Explanation of the corrections:

  1. Objective function: The objective function is correctly defined as $$f(x) = \frac{1}{2} |Ax - b|^2$$. enter image description here
  2. Gradient calculation: The gradient of the objective function is $$\nabla f(x) = A^T (A x - b)$$. enter image description here
  3. Gradient Descent Implementation: A standard gradient descent loop is implemented with a stopping criterion based on the change in $$X$$ enter image description here (the solution vector).
  4. Debugging Information: Added to track the objective function value during iterations for better understanding and debugging.

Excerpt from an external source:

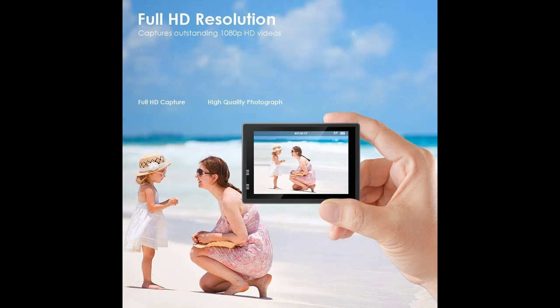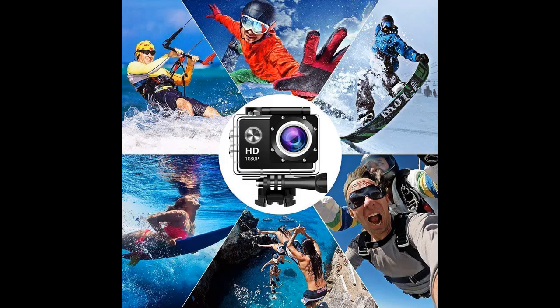Multiple mounts and accessories. Comes with a multitude of mounts and accessories, making the camera available to shoot many kinds of sports, such as cycling, motorcycling, driving, running, climbing, diving, skiing, and snorkeling.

This ensures the gradient descent method minimizes the correct objective function and should converge to the correct solution.

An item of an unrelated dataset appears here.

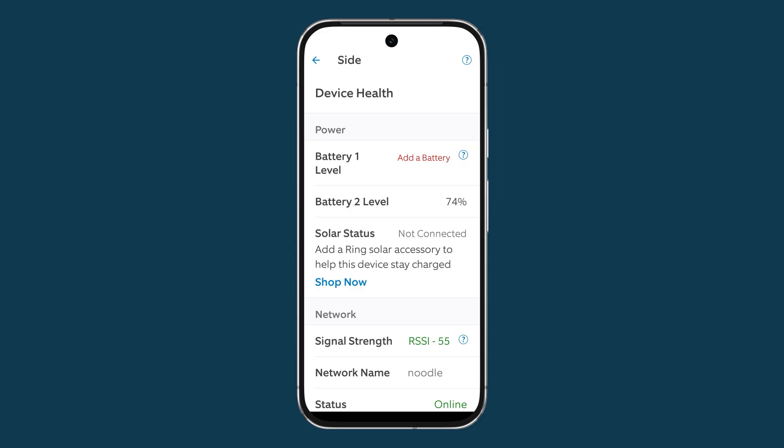Under Power, you will see which power source your device is using. If you're using battery, you'll see the charge percentage. If you're using solar, you'll see if it's connected. If your device is hardwired, you'll see the transformer voltage and power output here.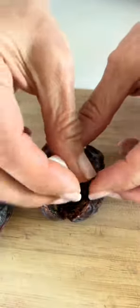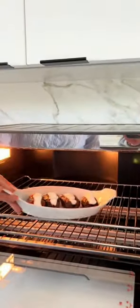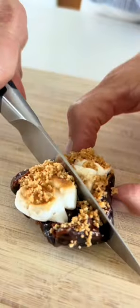Stuff a pitted date with chocolate chips and mini marshmallows. Pop them in the microwave or air fryer at 350, or bake at 375 for 10 to 15 minutes. I broiled them for a few seconds after baking just to get that golden marshmallow color. Sprinkle with graham cracker crumbs and serve at your next summer get-together.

Issues in original implementation:

  • Incorrect Objective Function
  • Incorrect Gradient Calculation
  • The gradient descent function was based on an incorrect gradient and objective function, which led to incorrect updates and convergence to the wrong solution.
  • The initial guess cur_pos = (10, 10, 10) was arbitrary and the convergence criteria based on the tolerance for individual gradient components were not ideal. It is generally better to check the norm of the gradient vector.

Note:

  • The @ operator can be used as a shorthand for np.matmul on ndarrays.

References:


import numpy as np
import matplotlib.pyplot as plt


class GradientDescentSolver:
    def __init__(self, A: np.ndarray, b: np.ndarray, alpha: float = 0.01, max_iter: int = 1000, tol: float = 1e-6):
        self.A = A
        self.b = b
        self.alpha = alpha
        self.max_iter = max_iter
        self.tol = tol
        self.history = []
        self.objective_values = []

    def objective_function(self, X: np.ndarray) -> float:
        return 0.5 * np.linalg.norm(self.A @ X - self.b) ** 2

    def gradient(self, X: np.ndarray) -> np.ndarray:
        return self.A.T @ (self.A @ X - self.b)

    def solve(self) -> np.ndarray:
        X = np.random.rand(self.A.shape[1], 1)  # Start with a random initial guess
        for i in range(self.max_iter):
            grad = self.gradient(X)
            X_new = X - self.alpha * grad
            if np.linalg.norm(X_new - X) < self.tol:
                break
            X = X_new
            self.history.append(X.copy())
            self.objective_values.append(self.objective_function(X))
        return X

    def plot_solution(self) -> None:
        if not self.history:
            raise ValueError("No history found. Run solve() first.")
        
        history = np.array(self.history).squeeze()
        fig, axs = plt.subplots(2, figsize=(10, 10))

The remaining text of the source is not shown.